Two Area Businessmen Plead Guilty to Federal Fraud Charges
|U.S. Attorney’s Office April 07, 2014|
ST. LOUIS, MO—Two area businessmen admitted to committing bank fraud against Excel Bank, which failed in 2012, after receiving $4,000,000 in capital from the Treasury Department through the Troubled Asset Relief Program (TARP).
According to the plea agreements, James Crews and Michael Hilbert admitted to making false statements to Excel Bank with respect to escrow funds or “fix funds” set aside for repairs to rental homes financed through the bank. In reliance on Crews’ and Hilberts’ claims that work had purportedly been done on the rental properties, the bank disbursed the “fix funds,” which Crews and Hilbert used for other purposes. Soon after the funds were disbursed in 2010, the loan went into default.

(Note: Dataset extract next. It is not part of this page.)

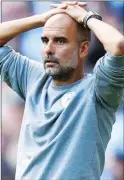  ?? ?? Pep Guardiola’s Manchester City are behind the Premier League leaders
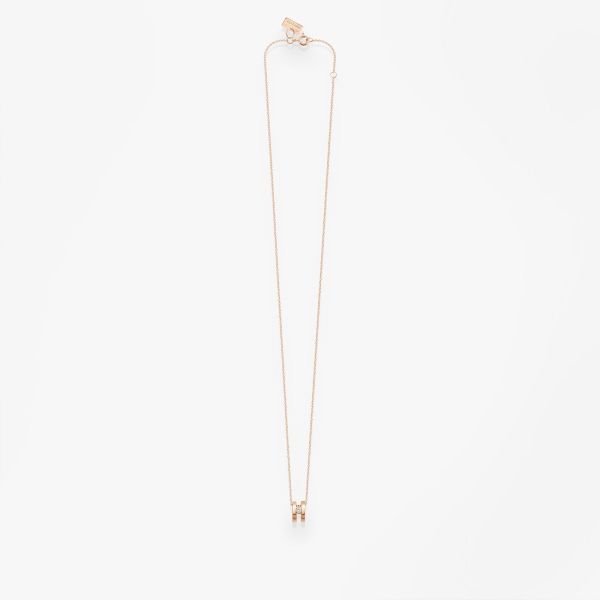 Collier Vanrycke Paris Charlie Or rose 2 anneaux diamant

James Crews, Wentzville, and Michael Hilbert, St. Charles, appeared before U.S. District Court Judge Carol E. Jackson today and were released on their bonds until sentencing, which is scheduled for July 10, 2014.
Bank fraud carries a maximum penalty of 30 years in prison and/or fines up to $1 million. In determining the actual sentences, a judge is required to consider the U.S. Sentencing Guidelines, which provide recommended sentencing ranges.
This case was investigated by the Office of the Special Inspector General for the Troubled Asset Relief Program and the Federal Bureau of Investigation. Assistant United States Attorney Tom Albus is handling the case for the U.S. Attorney’s Office.